Insider Trading & Executive Data
Start Free Trial
29 insider trades in the last year. Go beyond summary counts with transaction-level detail, compensation intelligence, and institutional ownership context.
reAlpha Tech Corp (AIRE) is a proptech company operating an AI-driven, end-to-end, commission‑free homebuying platform (reAlpha Super App) that combines a generative‑AI buyer’s agent (Claire), licensed human agent support, mortgage brokering and digital title/escrow services. The company transitioned from an asset‑heavy short‑term rental business to a single technology services segment and has grown primarily by acquisitions (Be My Neighbor, GTG Financial, AiChat, Hyperfast) that add mortgage licensing in 30 states, title services in three states, and conversational AI capabilities. Revenue has ramped materially via the acquired businesses but the company remains unprofitable with negative cash flow, limited runway, and material regulatory and licensing dependencies (state real estate/mortgage licenses, CFPB/SAFE Act, MLS access). Near‑term execution risks include scaling nationally by end‑2026, successful integration of acquisitions, continued capital raises, and exposure to housing cycles and regulatory changes.

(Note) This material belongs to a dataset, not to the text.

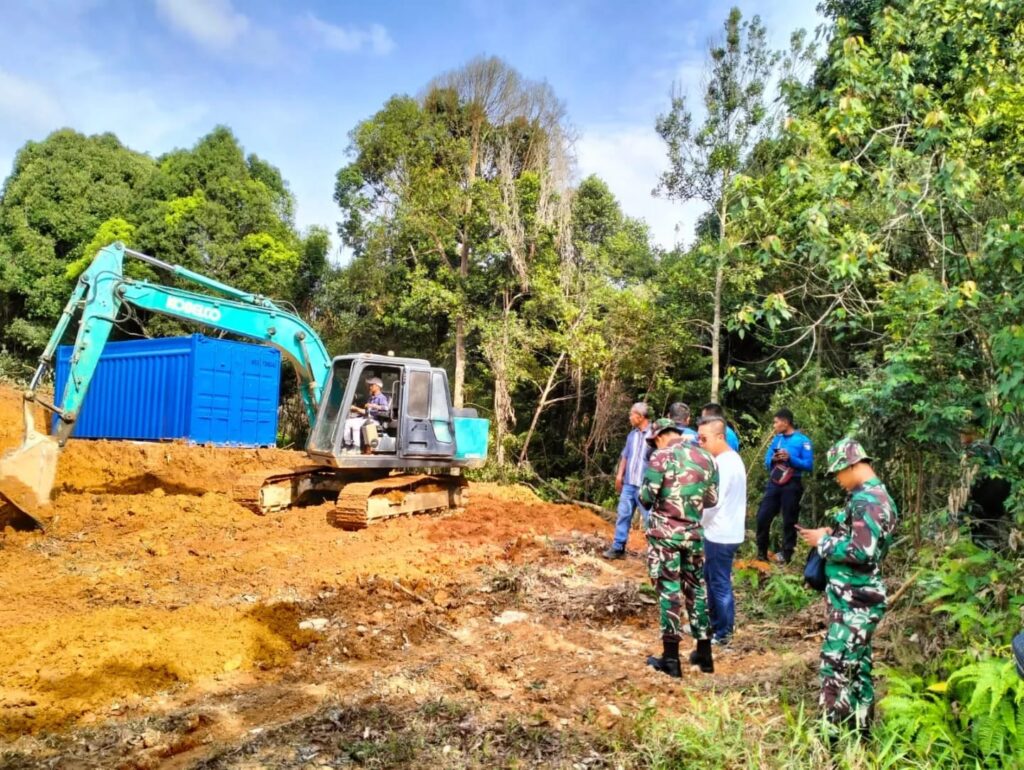 Patroli Gabungan Lanud Hang Nadim dengan Ditpam Bp Batam di Wilayah KKOP Bandara Hang Nadim Batam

Given reAlpha’s stage and filings, executive pay is likely weighted toward equity and long‑dated incentives (options, restricted stock, and warrants) rather than large cash bonuses, because the company is cash‑constrained and has relied on equity financings and warrant inducements in 2024–2025. Performance metrics that should drive incentive pay include revenue growth from mortgage origination and AI subscriptions, gross profit per closed transaction (mortgage/title), adjusted EBITDA or cash burn reduction, successful state licensing/MLS integrations, and M&A integration milestones that unlock cross‑sell revenue. Short‑term cash comp will likely be modest while retention and upside are provided via equity grants and milestone‑based vesting tied to financing or listing metrics (e.g., Nasdaq compliance, market cap, or runway extension). Regulatory and compliance outcomes (e.g., CFPB/regulatory findings, licensing approvals) are material to operations and therefore frequently used as gating conditions or clawback triggers in executive incentive plans.

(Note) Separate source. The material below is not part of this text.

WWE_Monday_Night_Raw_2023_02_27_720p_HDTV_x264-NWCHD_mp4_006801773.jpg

Insider trading at reAlpha will likely cluster around corporate financings, warrant exercises and public offerings (the company has used an ATM, registered offerings and warrant inducements), since insiders may seek liquidity in a low‑cash, high‑dilution environment; such transactions can materially move a small float. Material nonpublic events that make insider trades particularly sensitive include licensing approvals/denials in new states, major M&A announcements or integration milestones, Nasdaq compliance developments, and regulatory or litigation updates (e.g., warrant disputes, CFPB/consumer issues). Expect the company to maintain standard Section 16 reporting and blackout periods around earnings and material filings; investors should watch patterns of insider sales versus opportunistic financings and look for use of pre‑arranged 10b5‑1 plans, which can signal planned versus opportunistic selling.